I collect rumours, stories, and outrageous fabrications from each village I stop at.
Are the men from the compound responsible for this? Are they soldiers?
I ask them, but they pretend not to understand or not to hear or not to care. But I knew I was getting close to the compound when people became less willing to talk, when doors got slammed in my face or the ground in front of me flecked by spittle. They say it lies on a hill. A gated fortress. A palace. A monastery. A torture centre. Take your pick. The stories varied but the fear and apprehension didn’t.
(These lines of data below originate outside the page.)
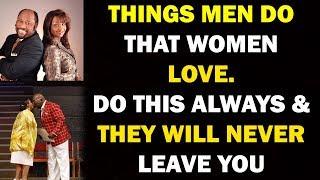 ????Things Men Do That Women Love: The Kind of Man Every Woman Wants (Marriage Lessons: Must Watch)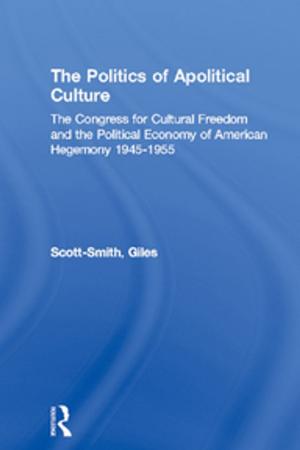Cover of the book The Politics of Apolitical Culture by Elmar Kutsch, Mark Hall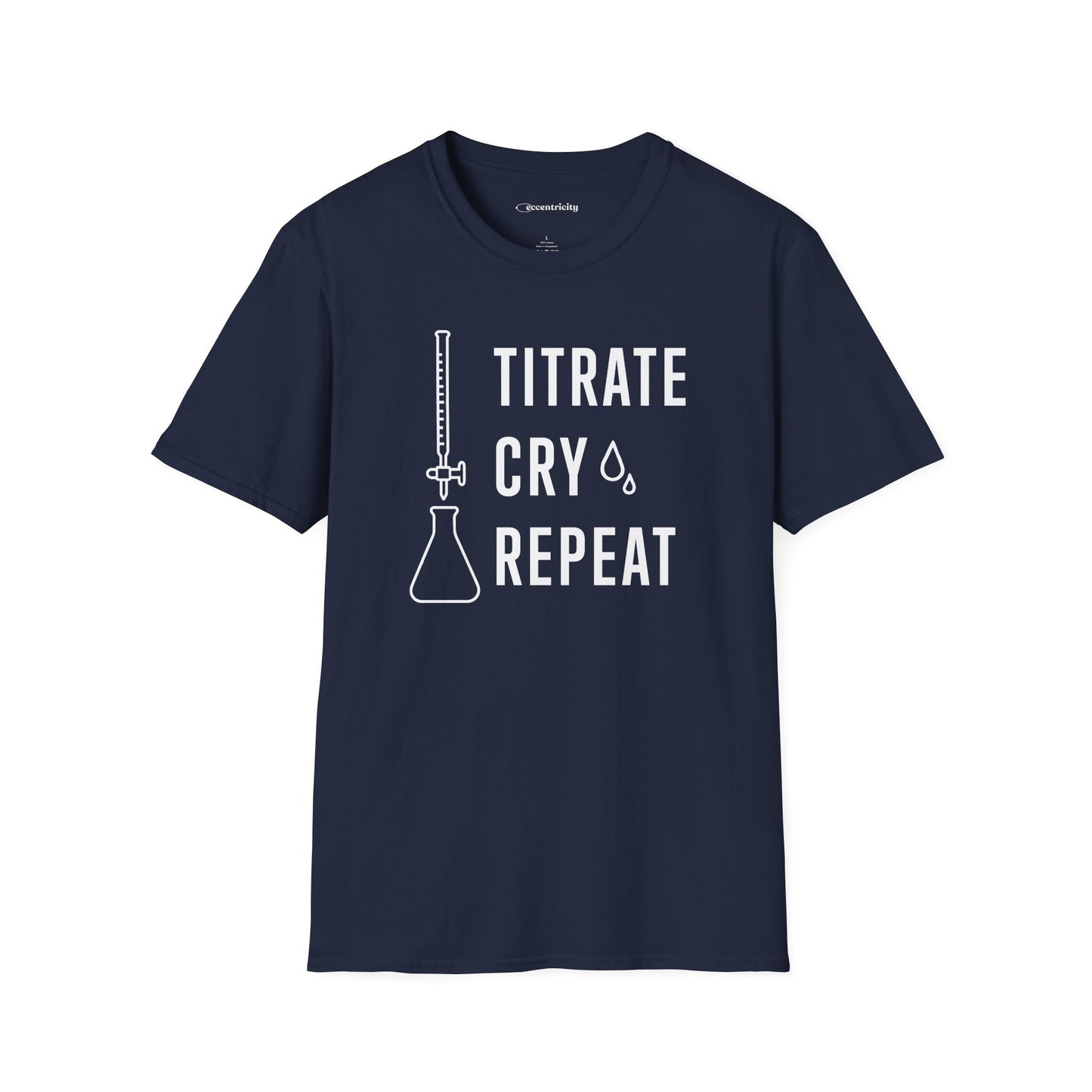 "Titrate Cry Repeat" - An Ultimate Tee for Chemistry Lovers 🧪⚡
A young man in a bar made of aluminium siding and old beer cans told me where it was. He was slow and hunchbacked and seemed to be retreating into himself even as we spoke. Around us farmers stared into their drinks, flies buzzed, the world went on. I paid him his price and wrote down the directions he gave me.
I can see it long before I reach it. Twenty-foot walls surround the building and stand stark and ugly against blue sky and silver peaks. The trail is well used and it doesn’t take me long to make my way up the hill, through a pass in the mountain and onto the headland.
Two armed guards track me from their watchtowers. They swivel their mounted guns lazily and follow my progress up the hill. I can feel my heart beat, my skin itch, but I put one foot in front of the other because there is nothing else I can do.
The soldiers are no longer slouching against their guns. They are up and jabbering into walkie-talkies and sighting down their barrels at me. I keep walking and taking deep breaths, trying not to stumble on legs that feel as though they’re made of rubber.
I hear the squawk and crackle of their radios, the eerie howling of the wind as it skips through the trees, and then a great wrenching as the main gate to the compound swings open.
I stand, ten feet from the entrance, and wait. The soldiers are right above me, their guns pointing down at my head, but I ignore them and keep my eyes fixed ahead.
I expect more soldiers. More guards. But there is only an old man with a straggly white beard, a priest’s collar, and a mischievous smile on his face. He holds his hands out and says in English, ‘Welcome, my dear. My name is Father McCarthy and I’m so glad you found us.’